A second important question is how to make the design compatible with cross-border trades. If only German markets implement a price cap on coal and renewables, coal and renewable producers may tend to export their power while we import gas power at uncapped prices from our neighbors. This might substantially reduce the price reduction from this proposal. So one should (and probably legally has to) coordinate such a mechanism on EU level. In principle, I see that other EU countries like France would benefit from this mechanism in a similar fashion as Germany, so incentives for a coordinated implementation could be there. [Update 2022-08-30] for energy exports outside the EU or if there is no coordination within the EU, I would propose the following. If a coal power plant (or some other non-gas producer) sells to a foreign market, they are still only allowed to get the price cap of e.g. 300 Euro / MWh. If the foreign price is higher, the government gets the difference as a form of export tax. This prevents that plants try to circumvent the price cap via exports.
A third main question is whether it is technically & administratively possible to implement such a system sufficiently quickly. While fast implementation is probably tricky, the proposal seems considerably simpler than something like a tax on excessive profits of energy companies that is also discussed in politics.

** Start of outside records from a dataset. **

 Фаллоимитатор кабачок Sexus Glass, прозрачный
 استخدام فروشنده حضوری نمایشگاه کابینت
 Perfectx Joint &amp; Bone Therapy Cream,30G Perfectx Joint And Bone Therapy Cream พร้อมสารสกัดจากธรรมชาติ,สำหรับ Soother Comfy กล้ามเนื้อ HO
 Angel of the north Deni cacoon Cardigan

[UPDATE 2022-08-30] Another important issue is how to deal with OTC trades or other trades outside the regulated spot markets. (Thanks to Axel Ockenfels for first pointing out this issue to me). To think about it, I find it helpful to frame the proposal in a different way that is still equivalent to the original proposal. As example assume the price cap is 300 Euro / MWh, but in the given period the buyer’s spot price in our new regulation is 400 Euro / MWh. You can think of the difference of 400-300 = 100 Euro / MWh as a fee imposed on the each unit of sold electricity that is used to cover the excess costs of gas power plants. My proposal is as follows: If two parties make an OTC trade outside the spot market and this leads to delivery from a non-gas power plant in some period, the producer shall be required to also pay this period’s fee to the exchange or regulator and this fee payment is also used to pay the excess cost of gas power plants. (This means, to determine the buyer’s price in the spot market these OTC trades will also be added to the total quantity). Since we know which plants produce how much electricity in each period, there should be actually almost no risk of a black market where producers can avoid the fee. There may also be no need of a regulator to know much details of OTC contracts, in order to determine which fee needs to be paid. One just needs to check who physically produces electricity that was not sold via the spot market.

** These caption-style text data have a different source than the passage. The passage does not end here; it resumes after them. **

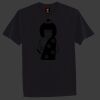 Tagless 100% Cotton T Shirt Thumbnail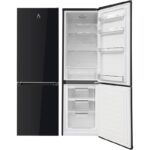ALPHA Pegasus Elite Pro-55 Frigorífico combi Negro 182 cm 250 L Clase energética E - Imagen 4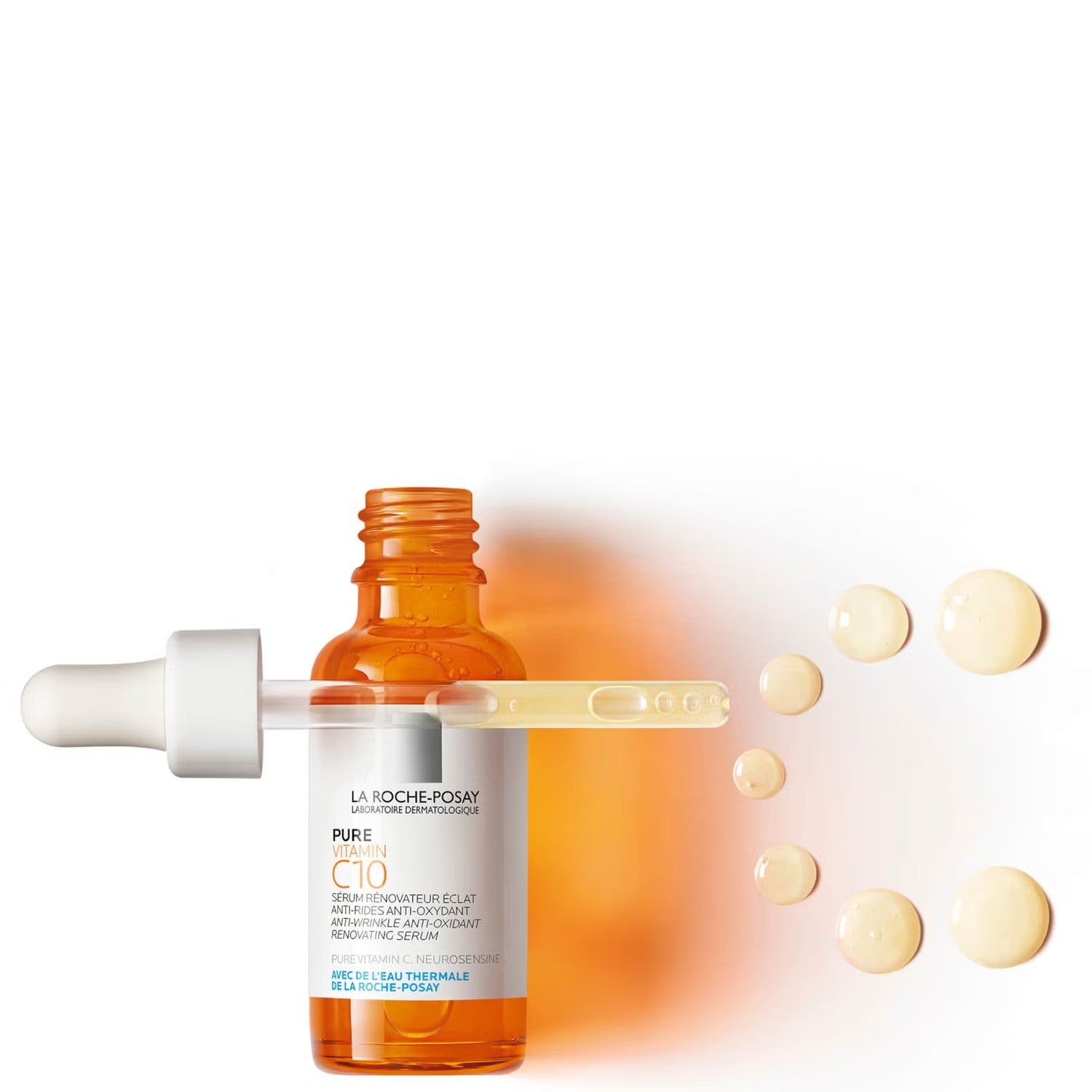 La Roche-Posay Pure Vitamin C10 Serum 30ml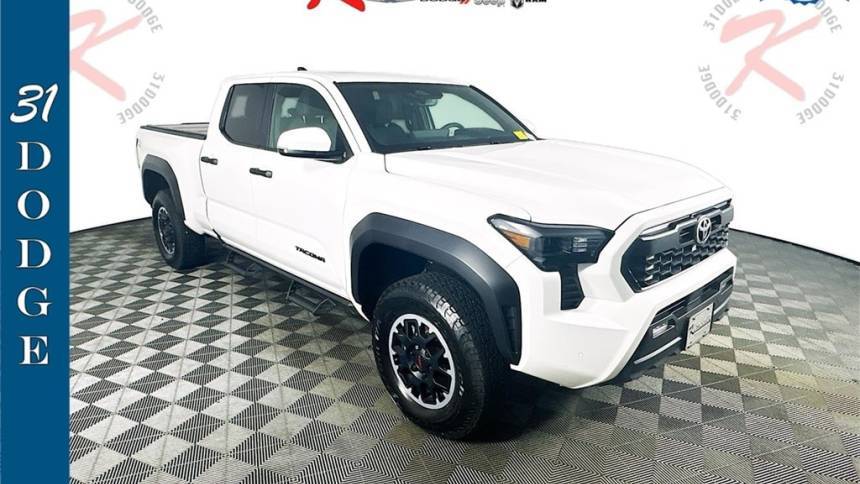2024 Toyota Tacoma TRD Off Road — Pickup Truck — 3,182 mi — Kernersville, NC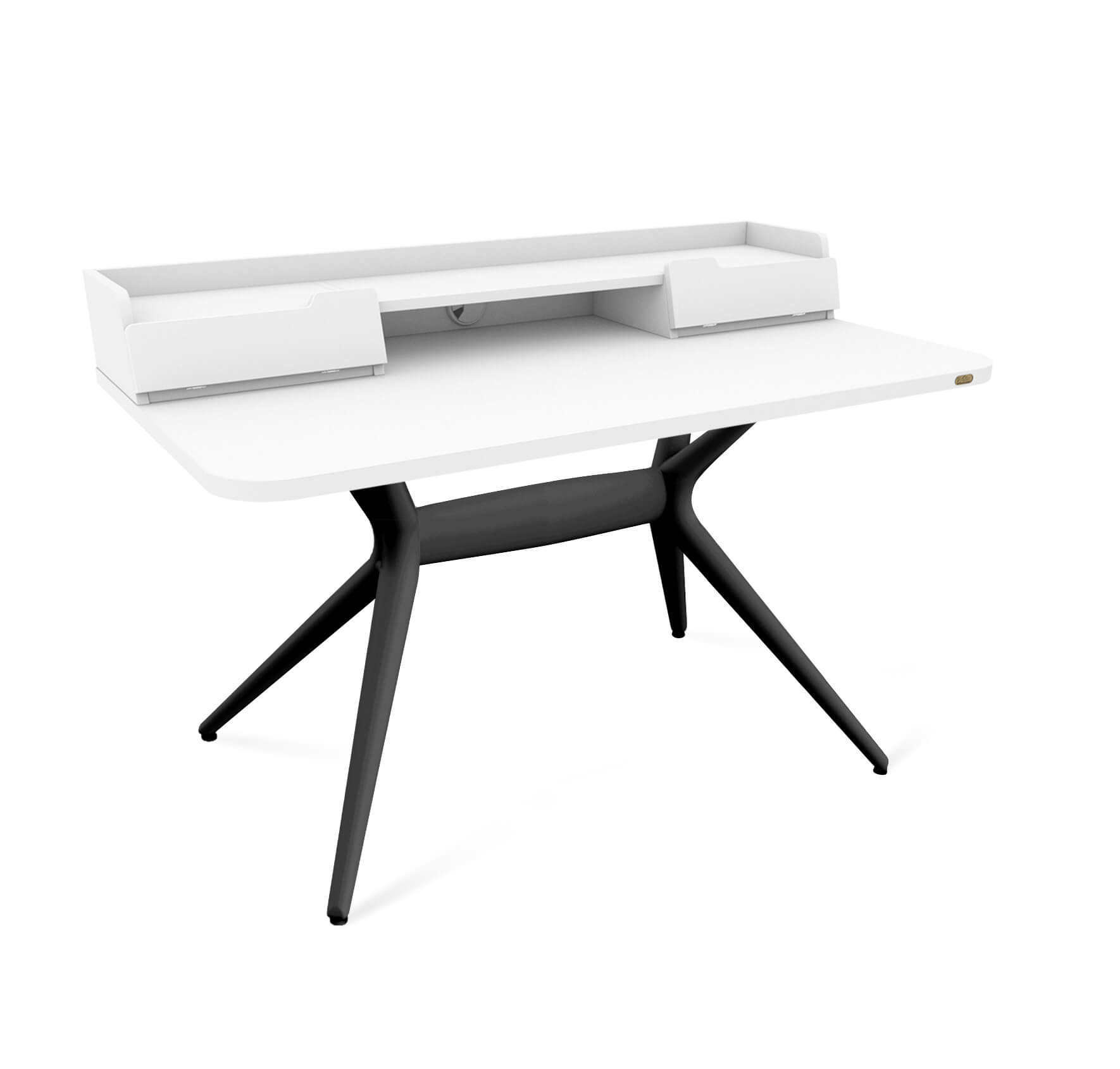 Стол рабочий Шенгерон SHT-TU30-2/TT31 120/65 ЛДСП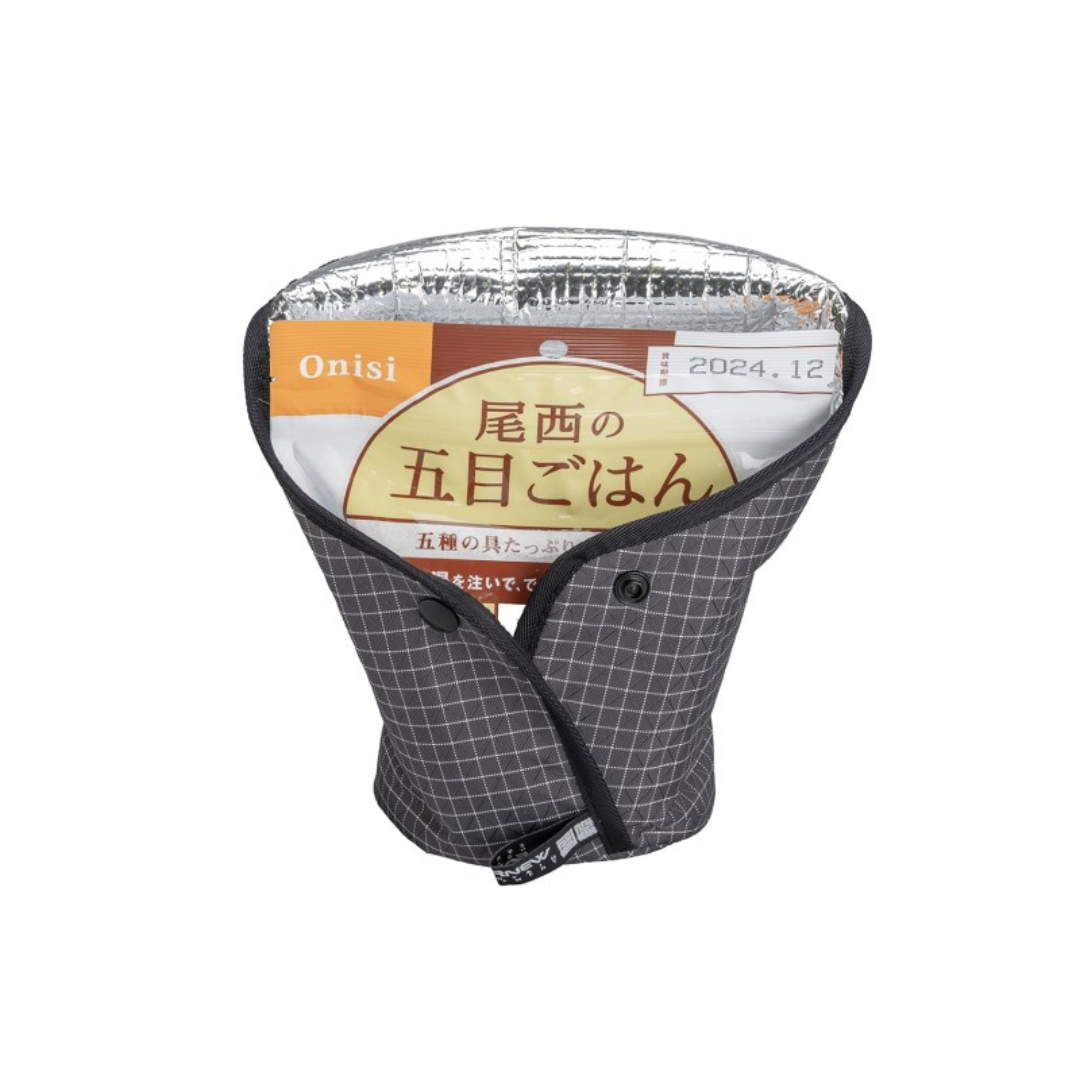 EVERNEW Thermal Pot Sack XG / エバニュー サーマル ポット サック XG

Note: I have not completely thought through what to do if a gas power plant sells via an OTC contract. Possibly these contracts can be ignored without any fee to be paid by any party. I also have not completely thought about OTC imports and exports.

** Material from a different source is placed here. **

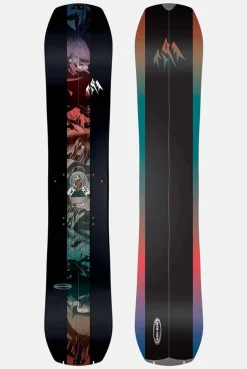 Jones Snowboards Jones Mountain Twin X Spark Splitboardpakke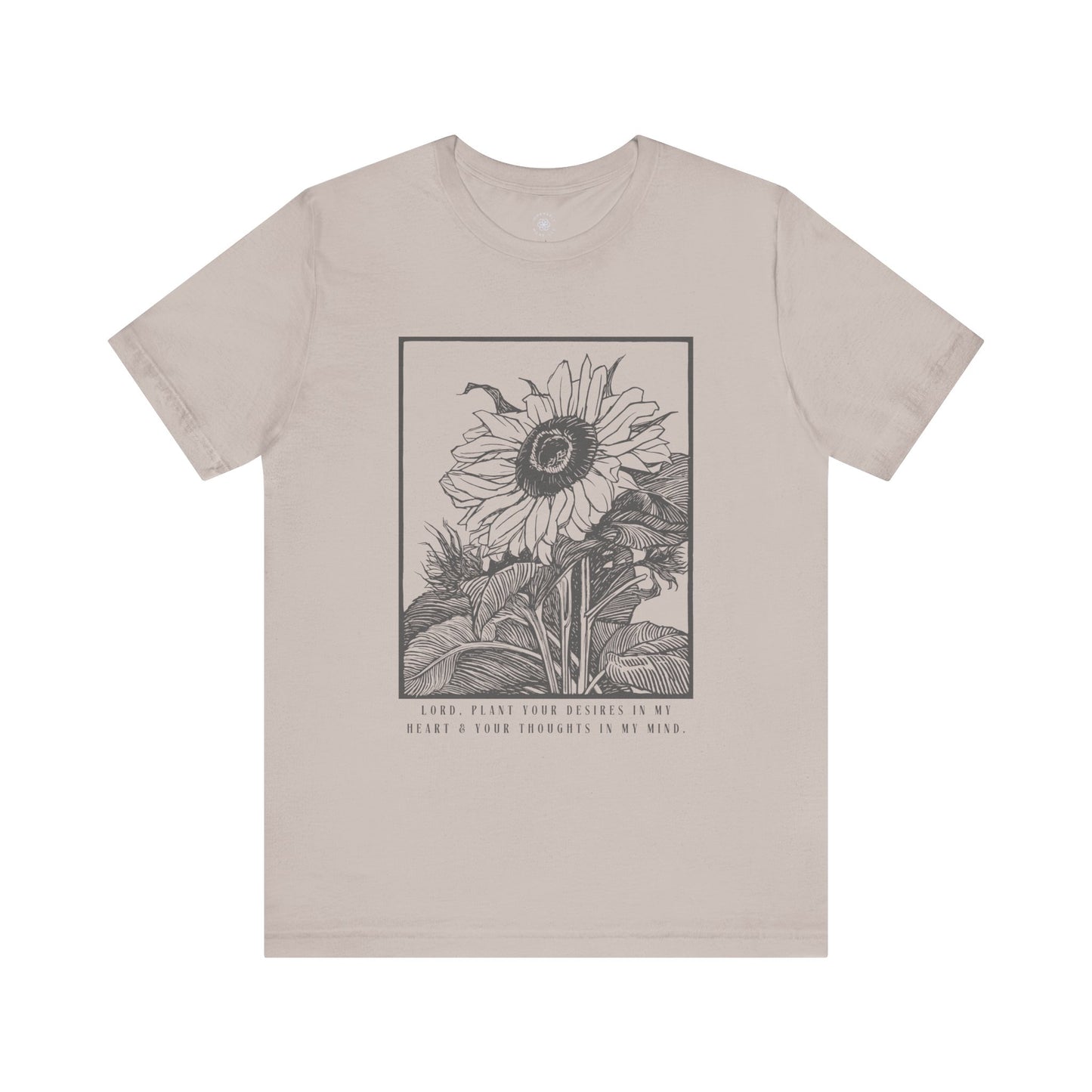 Lord Plant in Me Tee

[UPDATE 2022-08-31] EXISTING FUTURE CONTRACTS. (A THORNY ISSUE) Many market participants will likely have already hedged themselves with financially settled future contracts. If we change the market design, we need to specify what shall be the underlying spot price relevant for the settlement of a future contract. The price cap? The buyer's spot market price? The spot market price gas power plants receive? Let us assume, the relevant spot price on which payments of the future contract are based on is the buyer's spot market price.
Consider an example:
- Assume the price specified in the future is 250 Euro / MWh,
- the price cap is 300 Euro / MWh
- the spot price for buyers given our new regulation is 400 Euro / MWh,
- under the original marginal cost pricing the spot price would be 600 Euro / MWh.
Assume the buyer is an electricity consumer, but the seller of the future does not own a power plant.
Then under our new proposal, the buyer will receive the difference between the spot price 400 Euro / MWh and the price specified in the future 250 Euro / MWh, i.e. 150 Euro / MWh from the seller of the financially settled future. As the electricity consumer needs to pay 400 Euro / MWh on the spot market, his net payment is actually 400-150 = 250 Euro / MWh. In the old market design he would get 600-250=350 Euro / MWh from the seller of the future, and would then have again a net payment of 600-350 = 250 Euro / MWh. This means a buyer of a future who is an electricity consumer would not be affected by the change in the market design. A seller of the future who is not an electricity producer, would be better off by the change of the market design: under the new market design, he would have to pay 400-250 = 150 Euro / MWh and under the old design 600-250 = 350 Euro / MWh. So is all fine? The buyer of a future is indifferent and the seller is even better off by the change of the market design?
I indeed initially thought that all is fine. But then I got an email with the good remark to consider the very common case that the seller of the future contract is the operator of a coal power plant (or another non-gas power plant) who sold its production in the future market as a hedge. Under the old regulation, the seller would need to pay the buyer 600 - 250 = 350 Euro / MWh, but would receive on the spot market 600 Euro / MWh by selling electricity from the coal power plant. So net the seller would receive 600-350 = 250 Euro / MWh, i.e. the price specified in the future. Under our new regulation the seller would need to pay 400 - 250 = 150 Euro / MWh for the financial settlement. Yet, when selling the electricity from the coal power plant on the spot market, he would now only get the price cap of 300 Euro / MWh. Hence, net the coal power plant would now only get 300 - 150 = 150 Euro / MWh. He would lose the difference between the price cap and the spot market price of the buyer. This means such a regulation could severely harm coal power plant operators who sold their production at low future prices. And that might be a lot of operators.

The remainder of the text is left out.